And just like that, the pockets are DONE!
Make the covers for the journal – cut two rectangles from scrap cardboard or chipboard you may have lying around your house.
(Can you tell this project is all about recycling? 😉 )
Your covers should measure approx. 5″ x 3.25″.
Go back to your Graphic 45 12 Days of Christmas paper pad (or whichever paper you’re using) and pick two patterns to use – one will be for the outside cover and the other will be used for the inner lining.
The outer cover will measure 6″ x 4.25″ (you need it to have at least a 1/2″ overhang on all four outer sides).
The inner lining will measure 4.75″ x 3″ (this needs to be about 1/4″ shorter all the way around the inside).
For the outer cover, glue down the cardboard in the center of the paper you chose for the outside of the cover and cut “V”-shaped notches in all four corners (as seen above).
Wrap the paper around the edges of the cardboard and glue it down to the back of the cardboard.
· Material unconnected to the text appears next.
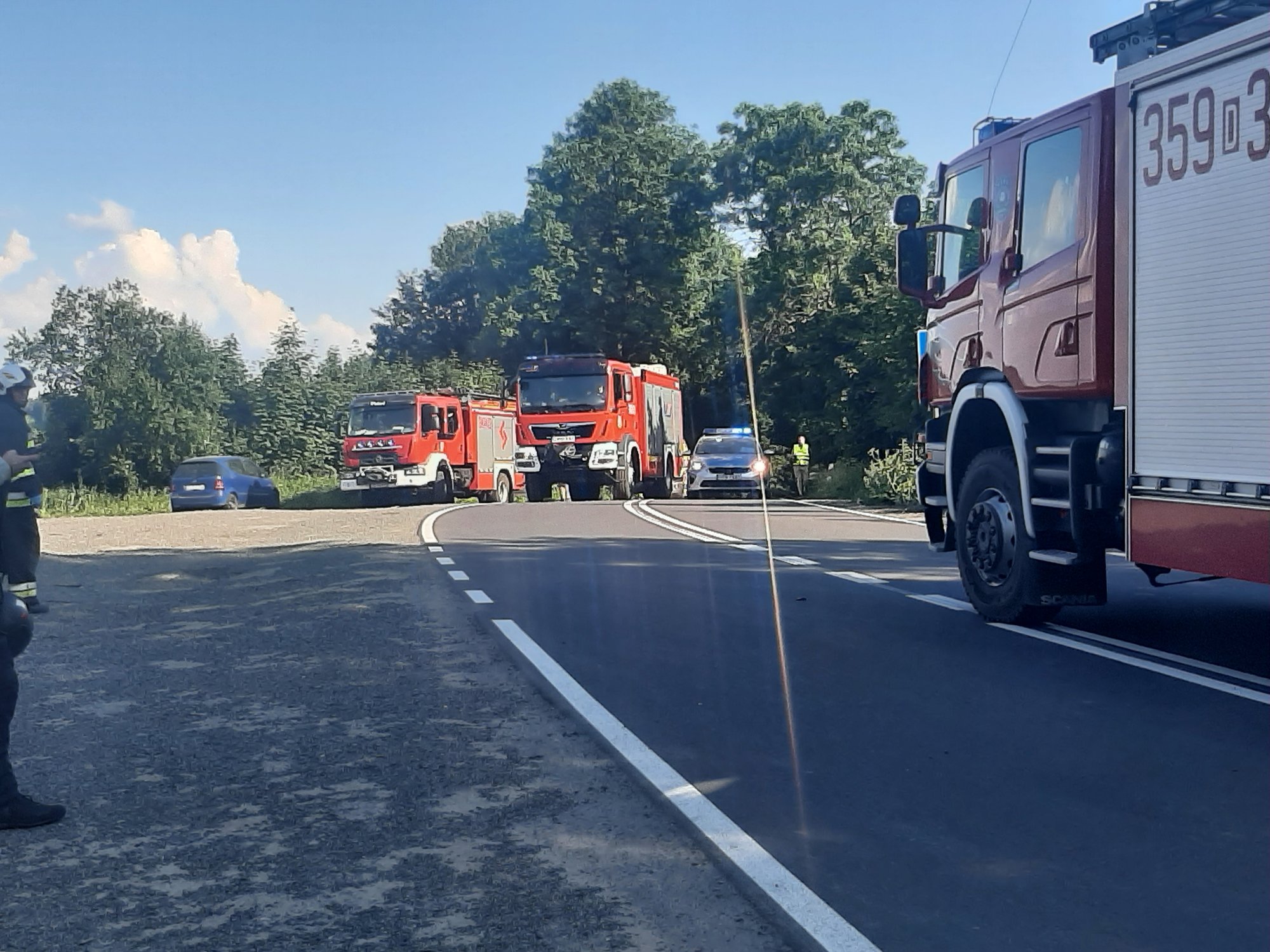 wypadek-autokaru-z-pasazerami-na-przeeczy-kowarskiej-106666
Place glue on the back of the inner lining paper and center it over the back of the cardboard, pressing down firmly.
If you inked the edges of your pockets, I’ll suggest you ink the edges of your covers as well for a consistent look and feel.
Let’s finish the covers…
I used one of the TP tube pockets as my template to mark the spots on the covers where I needed to punch the holes for the eyelets.
I also punched a hole in the center of the opposite edge of the covers and placed an eyelet there as well (this is the hole I tied the ribbon to).
Next, I glued down a piece of burlap ribbon to the front and back cover.
I then used two more stamps from Graphic 45‘s 12 Days of Christmas set, stamping them onto the same fabric as I previously stamped the numbers.
I then cut out the fabric pieces and shredded the edges of them, and attached them to the covers in the same way I attached the numbers on the pockets (see instructions and images above).
As a final adornment, I added a small Christmas tree charm, which I found in my stash, to the cover – I like when charms dangle from journals, don’t you?
We’re almost done!!
Time to put the journal together!!
Stack the covers and pockets in the correct order and slip them onto two extra large binder rings.
ONE LAST THING TO DO!!!
We need to make the journal tags and
Graphic 45 has made this step very easy for us!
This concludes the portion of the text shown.